O próximo objetivo de Miguel Sequeira é tornar a quinta da Urzelina neutra em carbono até 2030. Faltam cinco anos. Conseguirá fazê-lo?
Make IT Happen Farm: uma quinta para toda a semana
Com vista para o Pico e com o Atlântico como pano de fundo, a Make IT Happen Farm é o refúgio perfeito para quem procura natureza, tranquilidade e autenticidade. Localizada na pitoresca Urzelina, na ilha de São Jorge, esta quinta biológica combina alojamento confortável com experiências ligadas à terra e à sustentabilidade.
Aqui, os dias começam com pequenos-almoços naturais, prosseguem entre hortas, animais e trilhos verdes e terminam com o pôr do sol num dos locais mais ocidentais da Europa. Seja para descansar, aprender ou explorar, a Make IT Happen Farm oferece motivos para ficar… todos os dias da semana.

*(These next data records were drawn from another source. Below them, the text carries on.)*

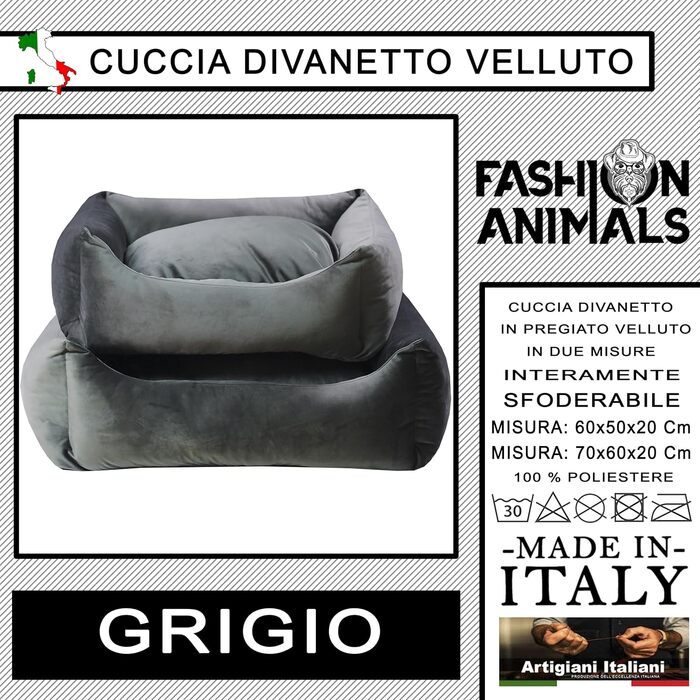 М'яке лежанка для собак та котів з блискавкою – знімне покриття з бавовняного полотна – 2 розміри (M, сірий)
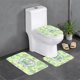 thumbnail image 1 of Keroppi Rana Juego de 3 alfombras de baño de coral fleece: tapete de baño + alfombra de inodoro en forma de U + funda de tapa de inodoro en forma de O, 1 of 6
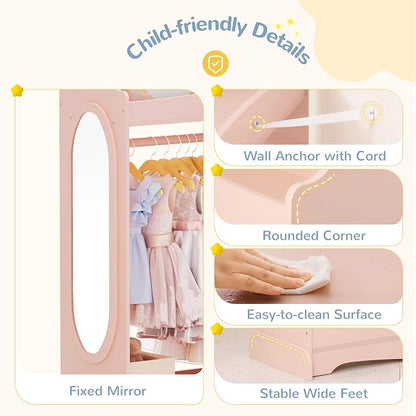 Curipeer Kids Dress up Storage with Mirror, Kids Wardrobe with Storage & 3 Hooks, Kids Closet for Girls Boys, Kids Costume Organizer, Open Hanging Armoire Wardrobe Closet for Bedroom, Pink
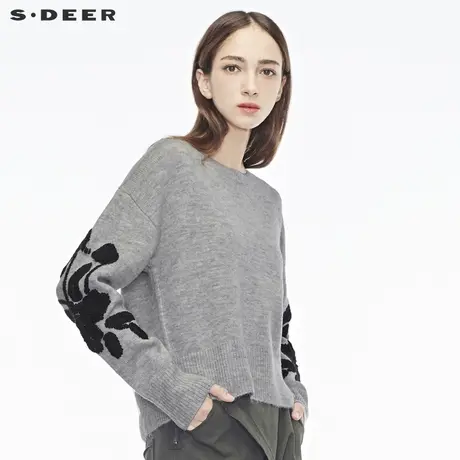 sdeer圣迪奥慵懒气质黑调绣花装饰落肩袖型优雅针织衫S18483508图片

A Make IT Happen Farm, que nasceu do sonho de Miguel Sequeira, , desafia o tempo e os modelos convencionais de turismo. É muito mais do que um alojamento rural: é um projeto vivo de sustentabilidade, regeneração e partilha.
Integrada na paisagem vulcânica da ilha, a quinta acolhe hóspedes, maioritariamente estrangeiros, que procuram tranquilidade, contacto com a natureza e um modo de vida mais simples e consciente. Uma semana aqui pode não chegar para tudo. Mas é, seguramente, um bom começo.